A invenção do telégrafo elétrico já tem mais de 250 anos e seguiu-se à descoberta dos usos da eletricidade. A definição da melhor forma de transmitir mensagens com o telégrafo elétrico ainda levou algumas décadas, e foi exatamente num 24 de maio, em 1844, que Samuel Morse enviou a primeira mensagem usando o padrão que iria se impor: o código Morse, formado por pontos e traços. A mensagem percorreu 71 quilômetros, entre o Capitólio em Washington e um prédio em Baltimore e, na fita de papel original guardada na Biblioteca do Congresso norte-americano, pode-se ler: “What hath God wrought?", algo como “Que coisas Deus tem feito!”.
Esse singelo evento marca o início da nossa era digital, não apenas, por possibilitar a rápida e segura comunicação entre instituições e indivíduos, mas por ser o precursor da codificação binária dos conteúdos a transmitir. Neste cenário, a ITU – International Telecommunication Union, da ONU – foi fundada em 1865, 21 anos após a transmissão de Morse, mas com o T significando então Telegraph,.Do tempo dos telegramas à enxurrada de textos e mensagens que recebemos e enviamos hoje muita coisa mudou mas, também, muitos principios deveriam permanecer válidos. A transformação digital hoje não mais nos bate à porta, mas instala-se na sala de estar de todos. Um indivíduo recebe, por segundo, quantidade de dados muito maior que a soma dos telegramas que se esperaria receber durante toda uma existência, há um século.

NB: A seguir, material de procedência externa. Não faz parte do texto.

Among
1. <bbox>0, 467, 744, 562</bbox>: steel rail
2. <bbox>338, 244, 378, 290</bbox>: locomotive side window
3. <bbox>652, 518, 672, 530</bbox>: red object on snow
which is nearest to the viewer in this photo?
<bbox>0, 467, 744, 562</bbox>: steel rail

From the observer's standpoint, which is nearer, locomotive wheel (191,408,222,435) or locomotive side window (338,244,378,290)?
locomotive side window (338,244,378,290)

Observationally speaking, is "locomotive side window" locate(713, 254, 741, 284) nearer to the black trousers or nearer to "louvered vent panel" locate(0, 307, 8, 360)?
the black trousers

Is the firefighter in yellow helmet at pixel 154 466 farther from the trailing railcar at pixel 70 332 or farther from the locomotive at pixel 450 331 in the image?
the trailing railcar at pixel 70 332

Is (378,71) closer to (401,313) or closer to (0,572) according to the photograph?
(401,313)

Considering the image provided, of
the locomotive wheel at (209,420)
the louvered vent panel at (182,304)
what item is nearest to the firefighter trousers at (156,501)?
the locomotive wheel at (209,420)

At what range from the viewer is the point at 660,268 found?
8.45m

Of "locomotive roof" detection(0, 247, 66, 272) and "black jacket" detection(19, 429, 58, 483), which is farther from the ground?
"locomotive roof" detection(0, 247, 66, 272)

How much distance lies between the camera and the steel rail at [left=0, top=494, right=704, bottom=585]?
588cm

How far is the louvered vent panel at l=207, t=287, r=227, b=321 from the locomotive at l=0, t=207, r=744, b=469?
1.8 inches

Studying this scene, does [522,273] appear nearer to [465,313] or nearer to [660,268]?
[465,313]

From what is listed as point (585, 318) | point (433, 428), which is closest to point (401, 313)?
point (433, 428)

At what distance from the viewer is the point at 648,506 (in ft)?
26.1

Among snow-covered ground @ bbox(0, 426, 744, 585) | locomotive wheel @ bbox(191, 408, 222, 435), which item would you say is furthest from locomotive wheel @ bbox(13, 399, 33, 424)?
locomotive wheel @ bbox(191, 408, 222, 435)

Que conceitos originais seguiriam estáveis? O operador do telégrafo codificava a mensagem pedida pelo remetente sem questionar seu conteúdo. Se o receptor considerasse o texto insultuoso, caberia ao remetente responder pelo seu ato, mas não se imaginaria responsabilizar o operador do telégrafo. Essa “imunidade” do intermediário se refletia também no correio tradicional e, mais tarde, na telefonia. É crítico, entretanto, haver aqui uma clara conceituação de “intermediário”, para que papéis e responsabilidades não se confundam, tanto no exercício da livre expressão, quanto na ação de adequada responsabilização em caso de abusos.
Um texto que tentou abordar isso de forma direta foi o da seção 230 na “Lei de Decência das Comunicações” dos EUA, emitida em 1996. Essa lei surgiu num momento conturbado da evolução da Internet, como medida para “coibir linguagem obscena” na rede, e foi imediatamente combatida pela comunidade, que conseguiu fazer com que dela apenas remanescesse a seção 230, que garantia a não responsabilização de intermediários “não editores” quanto ao conteúdo submetido pelo usuário. Ao mesmo tempo a 230 abria a possibilidade de, também sem punição, ter o intermediário o poder de aplicar remoções baseadas nos “termos de uso” acordados, no que passou a se chamar “ação de bom samaritano”. Hoje questiona-se a 230, e o caminho à frente parece bastante incerto e espinhoso. Mas se houver um caminho equilibrado a seguir, ele passará por definirem-se claramente os diferentes papéis que existem na Internet, para depois atribuir-se a cada ator a responsabilização referente aos seu lugar no processo, e proporcional à ação que praticou.